Field of the Invention
The invention concerns, in general, the technology of automatic maintenance operations in printing and package manufacturing machinery. Especially the invention concerns the task of maintaining smooth and reliable operation of a coater that on a manufacturing line comes after a sheet-fed printer.
Description of Related Art
Many manufacturing processes involve handling workpieces initially in planar, sheet-like form. As an example, the manufacturing process of packages is considered. The manufacturing process is typically arranged so that it takes advantage of the relatively easy handling of workpieces at the stage when they are still in planar form. A typical process for manufacturing cardboard packages comprises at least a printer, a stacker, and a die cutter in this order. Coaters, dryers, and/or other arrangements may follow the printer for implementing steps that, from the viewpoint of printing, represent post-processing. As an example, a coater may be disposed directly after the printer to apply a layer of water- or solvent-based varnish over at least parts of the printed surface.
At the time of writing this description, the printer is more and more often a sheet-fed digital printer, capable of flexibly enabling short series production and making fast changes to at least parts of the printed pattern(s) even after each workpiece. Compared to the relatively long and regular runs made with traditional web-fed printing presses, print works executed with a sheet-fed digital printer are frequently characterized by irregular output, meaning that pauses of variable duration may occur between consecutive workpieces and series of workpieces that come out of the printer. A consequence of the flexibility of the printer is a requirement for also the subsequent machinery to adapt their operation to the irregularities in operation.

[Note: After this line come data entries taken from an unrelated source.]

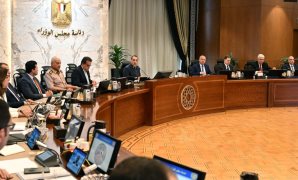 للمتضررين والمتضررات.. النقض تنهى النزاع في الجهة المختصة بنظر قضايا التعويضات في المنازعات الأسرية.. نظمها المشرع في المادة 163 من القانون المدني.. والإختصاص ينعقد للمحكمة الابتدائية وليس محاكم الأسرة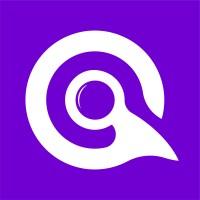 Qiggz logo - Similar company to أكوادي - Akwade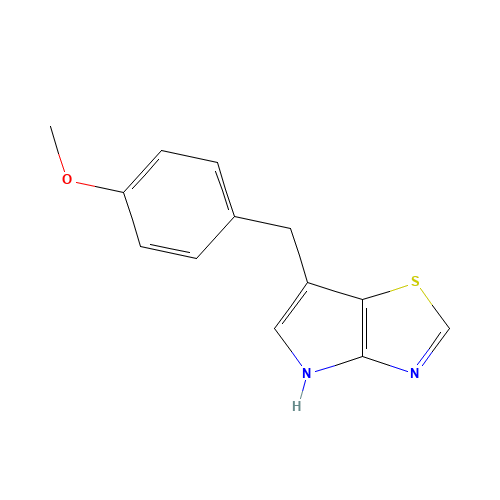 FT-0712661 CAS:1312363-23-7 chemical structure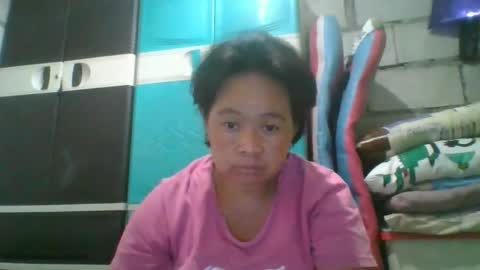 hotchicks4uxx online show from 12/17/25, 05:02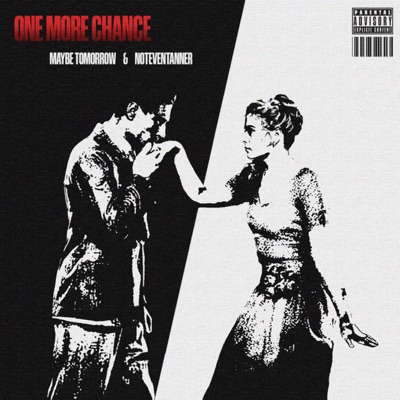 One More Chance - Single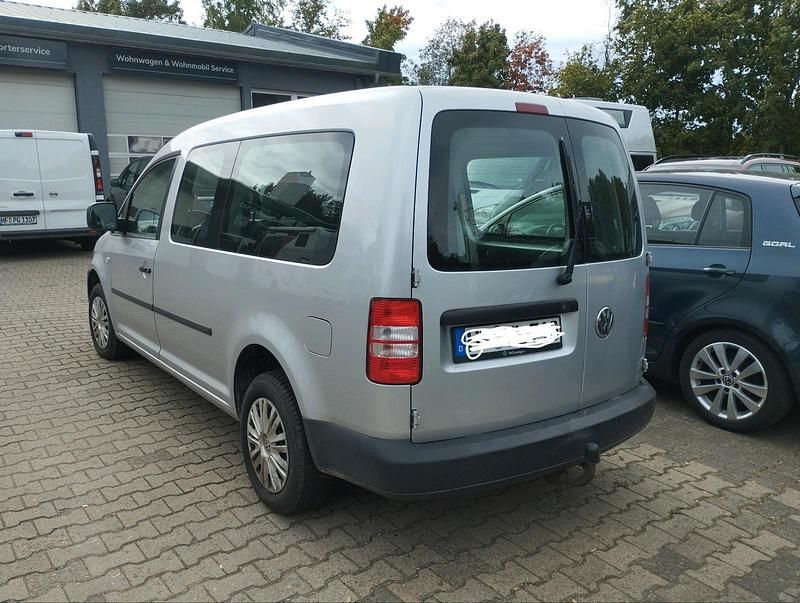 Bild 3/4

As an example, we may consider a flexographic coating unit like the one schematically illustrated in FIG. 1. Printed sheets come from the left in the drawing, pass between a plate cylinder 101 and an impression cylinder 102, and continue to the right in the drawing to be stacked and/or transported further to die-cutting. An inking arrangement, shown schematically to comprise a fountain roller 103 and an anilox roller 104 in FIG. 1, is used to dose varnish or some other coating substance onto the surface of the plate cylinder 101. Some kind of transport arrangement is needed in order to keep the workpieces moving, because unlike the material web in web-fed processes, the sequence of separate sheet-like workpieces cannot be drawn from ends. In FIG. 1, vacuum belts 105 have been illustrated as an example of a transport arrangement.
If the coating substance is to be applied in specific patterns, the mirror images of corresponding patterns have been formed in positive (as elevated areas) on the surface of the plate cylinder. The coating substance then only becomes spread on the elevated areas, and consequently forms the desired patterns on the printed surface when the surface of the plate cylinder presses against the appropriate workpiece. The “printing plate”, as the outmost surface layer of the plate cylinder is called, is made of flexible material such as a selectively hardened light-sensitive polymer, which explains the descriptor “flexographic”.
For obvious reasons, the varnish or other coating substance must dry relatively quickly, although a dryer may follow the coater to expedite drying. An exposed layer of a typical water-based varnish used in cardboard packages becomes leathery in just tens of seconds, and completely solid only shortly thereafter. On the surfaces of the workpieces, quick drying of the coating substance is an advantage. However, on the surface of the plate cylinder it may cause problems, especially if the output rate of workpieces from the printer is irregular.
From German Utility Model DE202010007499U1, and German Patent Applications DE102004062114A1 and DE102008020393A1 various general cleaning arrangements for cylinders are known.